Boundedness of the total energy of relativistic membranes evolving in a curved spacetime

TL;DR

This paper proves the global boundedness of the total energy for relativistic membranes evolving in curved spacetimes, extending previous flat spacetime results using the Hyperboloidal Foliation Method.

Contribution

It provides a simplified proof of global existence and energy boundedness for relativistic membranes in curved Lorentzian manifolds, generalizing Lindblad's flat spacetime theorem.

Findings

Total energy of membranes remains globally bounded over time.

The Hyperboloidal Foliation Method effectively handles curved spacetime scenarios.

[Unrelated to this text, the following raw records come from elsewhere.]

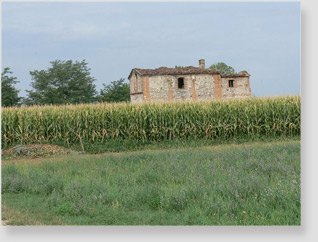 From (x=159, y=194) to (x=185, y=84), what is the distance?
22.0 m

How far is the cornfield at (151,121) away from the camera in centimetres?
1323

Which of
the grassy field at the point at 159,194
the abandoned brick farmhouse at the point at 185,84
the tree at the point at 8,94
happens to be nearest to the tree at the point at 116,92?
the abandoned brick farmhouse at the point at 185,84

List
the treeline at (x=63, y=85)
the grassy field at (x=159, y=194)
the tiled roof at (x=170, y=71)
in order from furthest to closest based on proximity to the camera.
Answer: the tiled roof at (x=170, y=71) < the treeline at (x=63, y=85) < the grassy field at (x=159, y=194)

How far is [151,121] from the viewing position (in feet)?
46.2

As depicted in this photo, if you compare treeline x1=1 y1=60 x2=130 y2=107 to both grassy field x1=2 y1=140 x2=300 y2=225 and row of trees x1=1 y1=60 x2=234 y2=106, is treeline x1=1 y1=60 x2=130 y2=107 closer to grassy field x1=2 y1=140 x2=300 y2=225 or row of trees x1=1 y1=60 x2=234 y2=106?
row of trees x1=1 y1=60 x2=234 y2=106

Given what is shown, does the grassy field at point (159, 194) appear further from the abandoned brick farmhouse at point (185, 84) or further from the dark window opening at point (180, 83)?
the dark window opening at point (180, 83)

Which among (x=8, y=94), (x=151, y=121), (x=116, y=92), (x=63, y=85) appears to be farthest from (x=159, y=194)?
(x=116, y=92)

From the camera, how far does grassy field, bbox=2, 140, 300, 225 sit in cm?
464

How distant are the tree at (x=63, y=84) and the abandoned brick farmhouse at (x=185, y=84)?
11.5 feet

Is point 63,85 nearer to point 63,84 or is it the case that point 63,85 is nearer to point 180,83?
point 63,84

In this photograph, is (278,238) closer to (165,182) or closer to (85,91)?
(165,182)

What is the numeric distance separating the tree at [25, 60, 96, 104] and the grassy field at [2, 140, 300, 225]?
613 inches

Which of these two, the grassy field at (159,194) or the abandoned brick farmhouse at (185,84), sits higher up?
the abandoned brick farmhouse at (185,84)

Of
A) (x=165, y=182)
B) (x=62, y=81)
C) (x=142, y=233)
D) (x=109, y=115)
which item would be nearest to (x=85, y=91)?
(x=62, y=81) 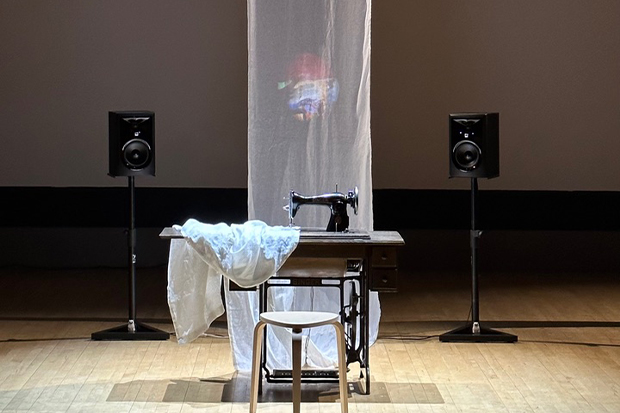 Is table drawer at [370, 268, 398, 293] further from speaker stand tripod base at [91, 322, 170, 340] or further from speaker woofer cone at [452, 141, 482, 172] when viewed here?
speaker stand tripod base at [91, 322, 170, 340]

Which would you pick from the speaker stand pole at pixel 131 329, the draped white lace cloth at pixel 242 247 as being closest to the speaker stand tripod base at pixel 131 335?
the speaker stand pole at pixel 131 329

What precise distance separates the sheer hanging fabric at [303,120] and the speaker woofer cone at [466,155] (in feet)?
3.07

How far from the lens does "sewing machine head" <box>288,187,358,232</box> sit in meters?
4.75

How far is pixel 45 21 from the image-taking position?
27.1 ft

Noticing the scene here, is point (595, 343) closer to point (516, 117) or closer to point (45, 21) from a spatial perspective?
point (516, 117)

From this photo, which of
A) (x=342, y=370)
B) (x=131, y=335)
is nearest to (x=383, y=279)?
(x=342, y=370)

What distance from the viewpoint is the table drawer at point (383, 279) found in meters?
4.60

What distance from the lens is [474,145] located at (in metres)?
6.05

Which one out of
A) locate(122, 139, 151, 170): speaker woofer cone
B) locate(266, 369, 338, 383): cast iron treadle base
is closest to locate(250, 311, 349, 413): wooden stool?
locate(266, 369, 338, 383): cast iron treadle base

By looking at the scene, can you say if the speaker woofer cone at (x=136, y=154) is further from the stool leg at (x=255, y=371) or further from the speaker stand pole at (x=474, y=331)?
the stool leg at (x=255, y=371)

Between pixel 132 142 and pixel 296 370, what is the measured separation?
2401 millimetres

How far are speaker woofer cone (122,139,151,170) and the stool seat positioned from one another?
201 cm

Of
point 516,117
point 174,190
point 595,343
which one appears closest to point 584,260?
point 516,117

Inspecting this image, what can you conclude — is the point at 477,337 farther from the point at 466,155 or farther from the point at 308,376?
the point at 308,376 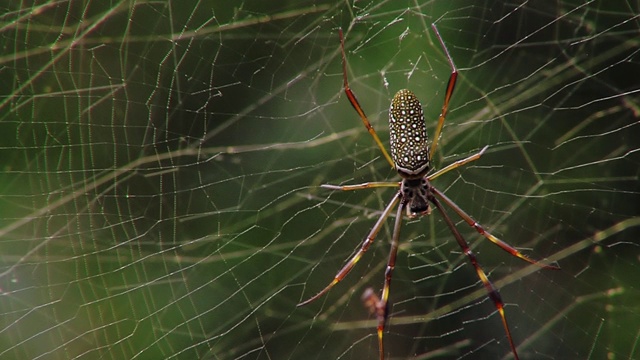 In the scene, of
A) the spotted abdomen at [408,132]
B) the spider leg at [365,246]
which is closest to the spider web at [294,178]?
the spider leg at [365,246]

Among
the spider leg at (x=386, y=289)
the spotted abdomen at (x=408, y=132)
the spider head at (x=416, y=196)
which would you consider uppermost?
the spotted abdomen at (x=408, y=132)

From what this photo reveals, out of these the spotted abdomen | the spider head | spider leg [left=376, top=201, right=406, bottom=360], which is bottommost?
spider leg [left=376, top=201, right=406, bottom=360]

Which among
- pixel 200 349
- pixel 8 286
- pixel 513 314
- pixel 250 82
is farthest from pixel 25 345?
pixel 513 314

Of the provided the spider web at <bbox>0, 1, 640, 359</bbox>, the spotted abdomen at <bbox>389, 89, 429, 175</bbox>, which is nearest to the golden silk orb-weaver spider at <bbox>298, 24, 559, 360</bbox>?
the spotted abdomen at <bbox>389, 89, 429, 175</bbox>

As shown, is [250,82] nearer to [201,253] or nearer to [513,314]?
[201,253]

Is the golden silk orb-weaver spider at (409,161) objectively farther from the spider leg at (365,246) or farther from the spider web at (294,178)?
the spider web at (294,178)

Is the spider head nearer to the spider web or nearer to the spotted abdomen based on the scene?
the spotted abdomen

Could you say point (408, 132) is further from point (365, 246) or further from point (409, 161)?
point (365, 246) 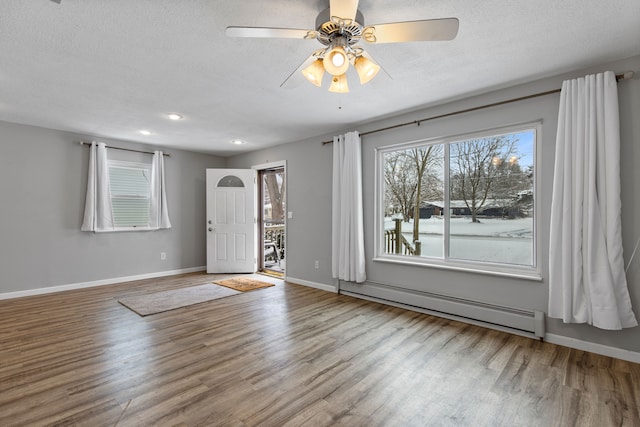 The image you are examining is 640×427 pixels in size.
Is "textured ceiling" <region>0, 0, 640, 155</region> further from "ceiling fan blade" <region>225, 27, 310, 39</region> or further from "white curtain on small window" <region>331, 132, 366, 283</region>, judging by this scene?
"white curtain on small window" <region>331, 132, 366, 283</region>

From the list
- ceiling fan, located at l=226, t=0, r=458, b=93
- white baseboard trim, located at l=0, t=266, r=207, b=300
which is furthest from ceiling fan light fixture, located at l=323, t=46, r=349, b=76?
white baseboard trim, located at l=0, t=266, r=207, b=300

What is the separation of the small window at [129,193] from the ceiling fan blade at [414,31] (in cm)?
495

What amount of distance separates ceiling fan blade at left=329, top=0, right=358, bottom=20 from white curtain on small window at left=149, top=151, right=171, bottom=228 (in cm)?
486

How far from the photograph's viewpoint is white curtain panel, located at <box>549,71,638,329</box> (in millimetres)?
2410

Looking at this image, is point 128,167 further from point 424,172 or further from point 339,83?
point 424,172

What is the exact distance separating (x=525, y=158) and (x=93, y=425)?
12.8 ft

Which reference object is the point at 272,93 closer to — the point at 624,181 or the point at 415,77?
the point at 415,77

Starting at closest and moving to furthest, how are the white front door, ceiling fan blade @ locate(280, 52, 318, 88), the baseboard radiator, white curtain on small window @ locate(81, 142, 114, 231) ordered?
ceiling fan blade @ locate(280, 52, 318, 88)
the baseboard radiator
white curtain on small window @ locate(81, 142, 114, 231)
the white front door

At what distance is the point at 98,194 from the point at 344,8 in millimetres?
4862

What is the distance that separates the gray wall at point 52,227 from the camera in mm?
4172

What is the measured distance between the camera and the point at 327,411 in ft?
6.03

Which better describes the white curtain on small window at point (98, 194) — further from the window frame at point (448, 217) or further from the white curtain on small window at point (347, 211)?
the window frame at point (448, 217)

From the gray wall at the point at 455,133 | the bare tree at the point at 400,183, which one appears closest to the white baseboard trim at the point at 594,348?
the gray wall at the point at 455,133

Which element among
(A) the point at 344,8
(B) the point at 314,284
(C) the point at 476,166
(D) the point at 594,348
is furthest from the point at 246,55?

The proof simplifies previous approaches and extends results to curved backgrounds.

Abstract

We establish a global existence theory for the equation governing the evolution of a relativistic membrane in a (possibly curved) Lorentzian manifold, when the spacetime metric is a perturbation of the Minkowski metric. Relying on the Hyperboloidal Foliation Method introduced by LeFloch and Ma in 2014, we revisit a theorem established earlier by Lindblad (who treated membranes in the flat Minkowski spacetime) and we provide a simpler proof of existence, which is also valid in a curved spacetime and, most importantly, leads to the important property that the total energy of the membrane is globally bounded in time.